La Tribune de Genève ne fait pas dans la nuance : sans mettre le conditionnel, elle annonce en une mercredi que « Juan Carlos cachait 100 millions à Genève ». Sur deux pages, le quotidien genevois raconte qu’il s’agit d’un « cadeau » du roi Abdallah d’Arabie saoudite. Le problème, c’est que l’on ne comprend pas très bien le motif de ce généreux virement. En effet, à la même époque, l’Espagne décroche au nez et à la barbe des Français un très juteux contrat pour construire une ligne de train à grande vitesse entre Médine et La Mecque pour 6 milliards d’euros. Or le versement aurait dû s’effectuer dans l’autre sens. Ce sont plutôt les entreprises espagnoles qui auraient dû verser un pot-de-vin aux Saoudiens pour les remercier de leur choix.
C’est peut-être cette incongruité qui explique que la justice genevoise – qui collabore avec les magistrats espagnols – n’a pas « mis en prévention » Juan Carlos Ier. Il est vrai que le souverain, roi d’Espagne de novembre 1975 à juin 2014, bénéficiait en 2008 d’une immunité. L’enquête ouverte dans la cité de Calvin par Yves Bertossa, premier procureur, responsable des affaires complexes, pour « soupçon de blanchiment d’argent aggravé » vise la banque Mirabaud, qui a accueilli l’argent sans trop se poser de questions, et trois personnes. D’une part, un avocat genevois et un dirigeant de la société Rhône Gestion, considérés comme les hommes de confiance du roi sur les bords du lac Léman.
Une fondation domiciliée au Panama
D’autre part, la princesse Corinna zu Sayn-Wittgenstein, d’origine danoise, présentée comme l’ancienne maîtresse de Juan Carlos. En 2008, le roi a dissimulé son pactole derrière la fondation Lucum, domiciliée au Panama, dont il était l’unique bénéficiaire. « Pendant plusieurs années, il a retiré de l’argent sur ce compte, puis, en 2012, la majeure partie de la somme restante, soit quelque 65 millions d’euros, a été donnée à l’ancienne maîtresse devenue «amie de cœur» », raconte La Tribune de Genève. Prudente, Corinna zu Sayn-Wittgenstein a aussitôt placé ce « don » dans la filiale d’une autre banque suisse aux Bahamas.
Lire aussi Espagne : un musée expose une sculpture polémique du roi Juan Carlos
En 2012, Juan Carlos Ier avait provoqué un scandale en participant à un safari à l’éléphant au Botswana, en compagnie de Corinna zu Sayn-Wittgenstein, et en posant fièrement devant son tableau de chasse.

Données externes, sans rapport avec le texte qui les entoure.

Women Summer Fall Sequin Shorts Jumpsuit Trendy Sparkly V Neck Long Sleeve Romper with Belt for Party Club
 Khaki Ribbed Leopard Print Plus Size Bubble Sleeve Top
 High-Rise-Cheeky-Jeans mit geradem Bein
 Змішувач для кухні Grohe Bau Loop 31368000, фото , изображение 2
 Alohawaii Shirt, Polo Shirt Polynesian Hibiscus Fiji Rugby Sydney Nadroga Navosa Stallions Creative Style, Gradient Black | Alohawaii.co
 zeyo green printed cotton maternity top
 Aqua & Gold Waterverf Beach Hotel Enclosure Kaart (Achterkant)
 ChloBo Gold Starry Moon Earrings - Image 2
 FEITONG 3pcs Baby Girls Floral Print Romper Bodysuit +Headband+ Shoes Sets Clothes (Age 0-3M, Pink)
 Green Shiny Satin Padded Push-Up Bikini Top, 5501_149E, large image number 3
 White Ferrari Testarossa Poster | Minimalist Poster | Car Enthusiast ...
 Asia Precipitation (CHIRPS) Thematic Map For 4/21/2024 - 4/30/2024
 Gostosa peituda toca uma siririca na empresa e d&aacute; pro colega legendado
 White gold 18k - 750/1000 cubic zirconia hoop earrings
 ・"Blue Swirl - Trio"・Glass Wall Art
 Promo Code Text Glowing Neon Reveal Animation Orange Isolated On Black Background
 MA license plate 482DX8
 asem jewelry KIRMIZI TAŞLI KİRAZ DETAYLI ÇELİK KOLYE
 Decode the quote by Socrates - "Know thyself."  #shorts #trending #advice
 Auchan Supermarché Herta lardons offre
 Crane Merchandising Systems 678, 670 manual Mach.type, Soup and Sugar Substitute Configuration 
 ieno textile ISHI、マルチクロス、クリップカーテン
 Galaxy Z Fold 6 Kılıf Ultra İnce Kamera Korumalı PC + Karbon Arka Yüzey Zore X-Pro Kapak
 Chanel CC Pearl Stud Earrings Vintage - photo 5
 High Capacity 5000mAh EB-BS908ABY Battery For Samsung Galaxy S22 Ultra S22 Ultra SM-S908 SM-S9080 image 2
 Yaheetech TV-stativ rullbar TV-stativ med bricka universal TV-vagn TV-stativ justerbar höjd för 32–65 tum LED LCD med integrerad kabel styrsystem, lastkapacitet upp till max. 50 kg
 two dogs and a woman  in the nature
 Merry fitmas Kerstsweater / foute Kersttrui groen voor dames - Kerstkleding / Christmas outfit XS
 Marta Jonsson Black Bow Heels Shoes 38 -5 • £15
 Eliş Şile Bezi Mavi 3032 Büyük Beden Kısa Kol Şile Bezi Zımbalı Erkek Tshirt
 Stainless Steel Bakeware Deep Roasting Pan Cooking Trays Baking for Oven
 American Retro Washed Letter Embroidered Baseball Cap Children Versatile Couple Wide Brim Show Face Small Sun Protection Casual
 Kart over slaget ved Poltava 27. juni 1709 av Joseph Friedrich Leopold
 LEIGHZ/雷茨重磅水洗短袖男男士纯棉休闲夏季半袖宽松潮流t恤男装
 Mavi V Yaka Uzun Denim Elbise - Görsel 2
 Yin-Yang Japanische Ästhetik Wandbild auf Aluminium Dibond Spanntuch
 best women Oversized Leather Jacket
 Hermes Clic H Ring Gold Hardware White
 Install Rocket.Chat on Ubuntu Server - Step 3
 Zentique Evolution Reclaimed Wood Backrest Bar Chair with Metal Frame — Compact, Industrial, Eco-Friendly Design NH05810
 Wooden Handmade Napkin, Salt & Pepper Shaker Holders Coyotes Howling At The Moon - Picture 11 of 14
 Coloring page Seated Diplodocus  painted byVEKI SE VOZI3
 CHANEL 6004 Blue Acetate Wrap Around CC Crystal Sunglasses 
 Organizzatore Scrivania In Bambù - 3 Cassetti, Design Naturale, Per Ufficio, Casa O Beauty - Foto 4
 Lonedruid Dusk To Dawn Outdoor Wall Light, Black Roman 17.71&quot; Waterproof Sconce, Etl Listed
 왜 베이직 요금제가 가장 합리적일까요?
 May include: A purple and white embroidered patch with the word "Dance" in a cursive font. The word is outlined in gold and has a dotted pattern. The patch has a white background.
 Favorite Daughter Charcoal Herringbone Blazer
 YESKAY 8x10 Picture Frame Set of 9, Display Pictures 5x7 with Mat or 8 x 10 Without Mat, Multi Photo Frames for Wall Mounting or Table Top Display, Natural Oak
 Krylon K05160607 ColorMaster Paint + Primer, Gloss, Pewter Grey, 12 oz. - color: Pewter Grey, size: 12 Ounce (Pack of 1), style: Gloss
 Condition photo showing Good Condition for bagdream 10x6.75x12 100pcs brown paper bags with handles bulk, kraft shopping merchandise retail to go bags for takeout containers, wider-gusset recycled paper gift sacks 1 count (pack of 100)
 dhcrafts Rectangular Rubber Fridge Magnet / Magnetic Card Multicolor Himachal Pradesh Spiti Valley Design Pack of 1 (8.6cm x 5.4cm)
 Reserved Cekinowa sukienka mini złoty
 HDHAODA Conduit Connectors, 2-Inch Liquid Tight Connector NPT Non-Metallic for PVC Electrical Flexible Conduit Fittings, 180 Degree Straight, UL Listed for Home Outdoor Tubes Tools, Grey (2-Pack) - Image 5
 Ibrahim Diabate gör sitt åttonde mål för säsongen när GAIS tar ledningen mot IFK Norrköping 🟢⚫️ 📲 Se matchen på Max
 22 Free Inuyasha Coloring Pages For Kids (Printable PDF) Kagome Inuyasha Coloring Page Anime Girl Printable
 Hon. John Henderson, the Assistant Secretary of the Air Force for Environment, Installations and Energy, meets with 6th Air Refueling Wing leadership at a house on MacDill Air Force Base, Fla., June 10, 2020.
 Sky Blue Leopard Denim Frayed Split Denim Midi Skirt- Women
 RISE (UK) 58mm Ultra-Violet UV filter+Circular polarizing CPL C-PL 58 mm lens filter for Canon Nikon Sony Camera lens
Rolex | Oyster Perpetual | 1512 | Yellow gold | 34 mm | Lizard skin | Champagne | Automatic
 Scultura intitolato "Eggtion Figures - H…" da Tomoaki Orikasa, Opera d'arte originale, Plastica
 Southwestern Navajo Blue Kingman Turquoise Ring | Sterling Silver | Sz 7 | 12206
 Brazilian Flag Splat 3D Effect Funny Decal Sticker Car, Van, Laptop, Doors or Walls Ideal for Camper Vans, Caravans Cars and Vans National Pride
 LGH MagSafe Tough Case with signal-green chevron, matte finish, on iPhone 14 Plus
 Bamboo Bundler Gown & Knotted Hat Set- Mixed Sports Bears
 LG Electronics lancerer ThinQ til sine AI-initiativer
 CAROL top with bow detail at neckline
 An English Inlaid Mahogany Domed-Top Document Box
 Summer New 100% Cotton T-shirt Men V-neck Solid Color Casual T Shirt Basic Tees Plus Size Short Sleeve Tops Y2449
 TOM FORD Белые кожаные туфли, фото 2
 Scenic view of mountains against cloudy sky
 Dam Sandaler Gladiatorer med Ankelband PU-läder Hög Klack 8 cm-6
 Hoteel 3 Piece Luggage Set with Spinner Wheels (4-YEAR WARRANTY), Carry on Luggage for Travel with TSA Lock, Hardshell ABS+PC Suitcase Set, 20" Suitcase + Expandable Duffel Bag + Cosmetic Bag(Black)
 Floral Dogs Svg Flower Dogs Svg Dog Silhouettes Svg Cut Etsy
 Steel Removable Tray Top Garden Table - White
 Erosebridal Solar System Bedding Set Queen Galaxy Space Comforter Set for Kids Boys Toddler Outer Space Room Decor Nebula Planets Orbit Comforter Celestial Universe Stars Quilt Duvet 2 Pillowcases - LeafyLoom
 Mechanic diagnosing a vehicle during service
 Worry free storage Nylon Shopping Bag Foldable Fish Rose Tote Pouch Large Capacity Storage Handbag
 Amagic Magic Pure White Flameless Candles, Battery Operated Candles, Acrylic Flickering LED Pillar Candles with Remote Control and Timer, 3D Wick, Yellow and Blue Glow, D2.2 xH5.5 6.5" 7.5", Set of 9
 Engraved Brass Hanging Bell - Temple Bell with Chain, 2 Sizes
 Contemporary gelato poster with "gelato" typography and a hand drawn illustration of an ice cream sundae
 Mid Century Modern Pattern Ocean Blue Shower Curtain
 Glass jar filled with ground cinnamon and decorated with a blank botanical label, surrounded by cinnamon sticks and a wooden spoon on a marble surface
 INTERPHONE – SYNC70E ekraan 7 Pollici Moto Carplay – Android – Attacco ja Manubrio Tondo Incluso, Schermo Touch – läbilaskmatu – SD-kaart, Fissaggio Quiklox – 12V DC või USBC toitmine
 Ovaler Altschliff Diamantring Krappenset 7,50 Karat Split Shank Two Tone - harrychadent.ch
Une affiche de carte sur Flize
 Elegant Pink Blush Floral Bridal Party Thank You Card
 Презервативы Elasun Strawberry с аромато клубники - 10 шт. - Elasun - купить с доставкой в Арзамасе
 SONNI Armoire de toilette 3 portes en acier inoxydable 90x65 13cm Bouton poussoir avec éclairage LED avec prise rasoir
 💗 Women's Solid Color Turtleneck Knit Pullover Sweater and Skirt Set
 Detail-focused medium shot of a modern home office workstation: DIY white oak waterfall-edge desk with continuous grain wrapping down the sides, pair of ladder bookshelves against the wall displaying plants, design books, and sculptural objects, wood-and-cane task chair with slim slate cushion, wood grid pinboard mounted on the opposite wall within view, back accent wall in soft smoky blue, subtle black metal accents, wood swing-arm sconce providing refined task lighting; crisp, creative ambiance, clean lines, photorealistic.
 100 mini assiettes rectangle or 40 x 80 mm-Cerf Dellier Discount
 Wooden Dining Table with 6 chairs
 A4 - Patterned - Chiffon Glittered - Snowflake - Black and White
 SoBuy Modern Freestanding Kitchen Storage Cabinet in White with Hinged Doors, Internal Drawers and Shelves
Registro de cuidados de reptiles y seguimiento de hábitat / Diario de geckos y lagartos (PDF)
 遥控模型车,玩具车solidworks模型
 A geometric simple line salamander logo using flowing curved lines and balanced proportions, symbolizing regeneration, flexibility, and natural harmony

Le souverain espagnol, jusqu’alors très populaire, avait vu sa cote brutalement s’effondrer en Espagne. À ce moment-là, la banque Mirabeau commence à trouver une odeur désagréable à l’argent caché du roi, et lui demande poliment de choisir une autre « crémerie ». Le quotidien suisse, qui n’épargne rien à Juan Carlos, révèle que ce dernier aurait également versé un million « à une résidente genevoise qui aurait également été une de ses anciennes maîtresses ».
Déjà Alphonse XIII en 1931
À 82 ans, l’ancien souverain ne risque vraisemblablement pas grand-chose. D’autant que l’Arabie saoudite a déjà fait savoir qu’il ne s’agissait que d’un cadeau de la part du roi Abdallah, réputé pour sa générosité. Pour preuve, c’est le ministère saoudien des Finances lui-même qui a versé les 100 millions de dollars à la fondation Lucum. En revanche, l’image de la couronne espagnole, déjà dégradée, ne risque pas de sortir grandie de cette affaire. Pour mémoire, en 2008, l’Espagne subissait une très grave crise financière, le chômage grimpant en flèche. À aucun moment, le roi n’a pensé verser ce pactole au trésor public de son pays.
En 1931, Alphonse XIII, le grand-père de Juan Carlos, avait quitté l’Espagne après la victoire des républicains. Il s’était alors installé près de Lausanne, transférant ses avoirs en Suisse. Depuis, la famille royale espagnole a sans doute conservé un excellent souvenir de la gestion de fortune des banquiers suisses.